Iraq`s Kurds set for vote amid tensions with Baghdad

Iraq`s autonomous Kurdish region goes to polls on Saturday to elect a President and a Parliament amid a simmering land dispute with Baghdad.

Arbil (Iraq): Iraq`s autonomous Kurdish
region goes to the polls on Saturday to elect a President and
a Parliament amid a simmering land dispute with Baghdad and
rising tensions over oil exports that could lead to armed
conflict.

Incumbent president Massud Barzani is widely expected to
be returned to office while his Kurdistan Democratic Party
(KDP) and Iraqi President Jalal Talabani`s Patriotic Union of
Kurdistan (PUK) are likely to sweep the legislative poll, in
which more than 2.5 million Kurds are eligible to vote.
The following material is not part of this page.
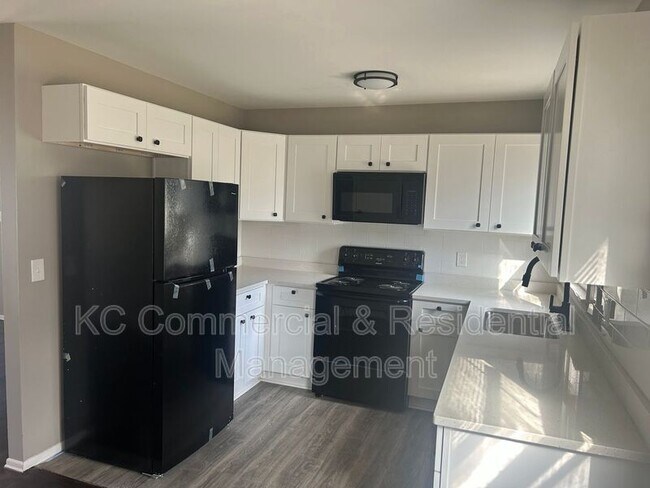 Building Photo - 309 Manor Ln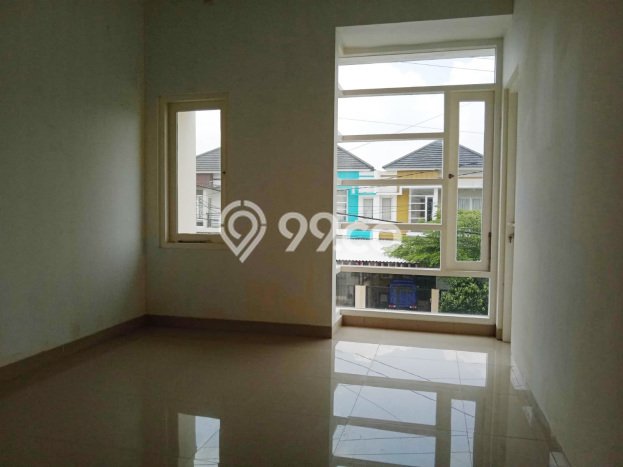 LISTING BARU! Rumah Strategis area Cibubur, LT 102m² Bangunan 100m² LISTING BARU! Rumah Strategis area Cibubur, LT 102m² Bangunan 100m²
The two parties, which have dominated the region`s
politics for decades, have presented a joint list, mostly of
new candidates in a bid to present an image of renewal, but
face a number of challengers seeking to break their
stranglehold.

More than 100,000 Kurdish members of Iraq`s armed forces
were voting today, along with police, prisoners and the sick,
ahead of election day.

"I`m very happy to be exercising my democratic right,"
said soldier Hadi Sultan, 33, as he cast his ballot at a
polling station in the capital, Baghdad.

Saturday`s main vote is being held six months after the
rest of Iraq held provincial elections and as the US military
is planning its pullout from the country in 2011.